»»
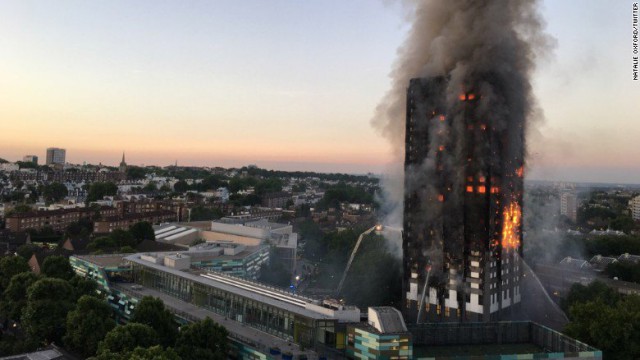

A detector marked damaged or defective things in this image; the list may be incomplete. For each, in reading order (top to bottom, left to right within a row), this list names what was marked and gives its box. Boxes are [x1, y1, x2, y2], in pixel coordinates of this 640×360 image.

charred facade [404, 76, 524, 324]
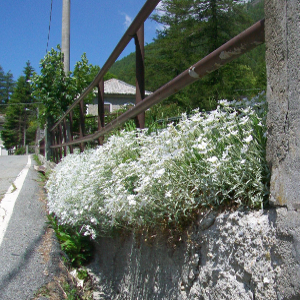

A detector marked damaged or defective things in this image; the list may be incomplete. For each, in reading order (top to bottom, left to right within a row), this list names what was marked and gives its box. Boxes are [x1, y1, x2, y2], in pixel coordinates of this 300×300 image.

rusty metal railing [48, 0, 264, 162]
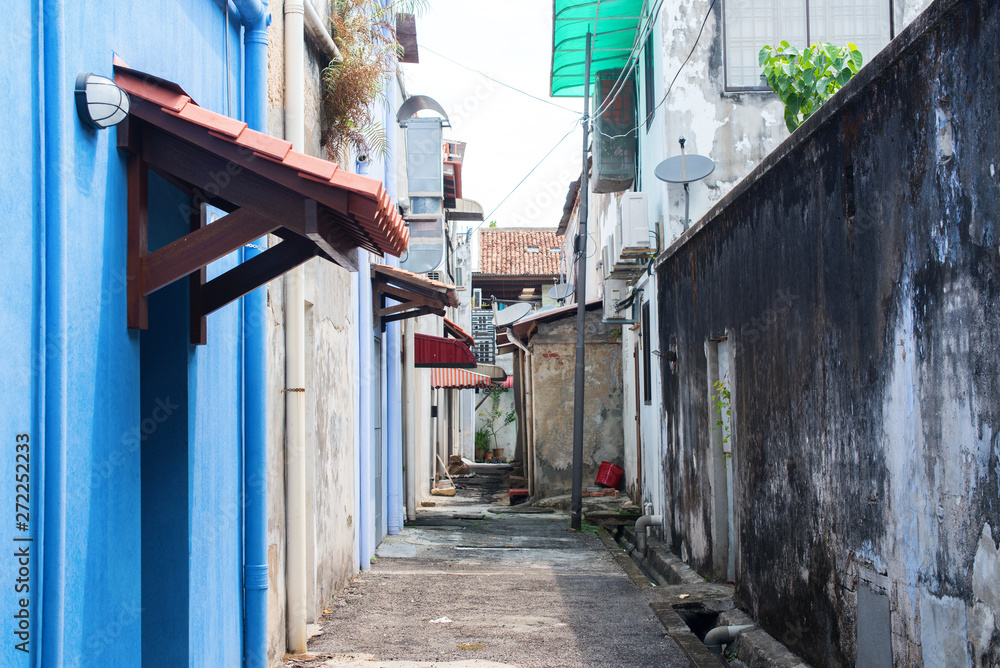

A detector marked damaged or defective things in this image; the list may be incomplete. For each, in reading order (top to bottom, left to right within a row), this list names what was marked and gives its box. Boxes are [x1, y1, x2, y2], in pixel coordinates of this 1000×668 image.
««
Your objective – With the pictures excluded, the records are to be reproduced exactly.

Exercise solution –
A detector marked damaged or defective things in this image; the list may be incomplete. For each, in reading order (top to bottom, left to right within a row), this list names what was marked and gives its box. Boxes are [x1, y1, x2, y2], in pixel coordinates of this 640×360 image.

charred facade [404, 76, 524, 324]

A detector marked damaged or defective things in this image; the list may be incomplete. For each, in reading order (top to bottom, left to right within a row), this list names what was marked and gives its box. Boxes are [x1, y1, x2, y2], in pixel coordinates of this 300×300 image.

rusty metal railing [48, 0, 264, 162]

A detector marked damaged or defective things in this image; the list may be incomplete. For each, in reading order (top to bottom, left to right within a row), this list names what was marked and gives its box. Boxes are [x1, y1, x2, y2], in pixel coordinates of this 1000×668 image.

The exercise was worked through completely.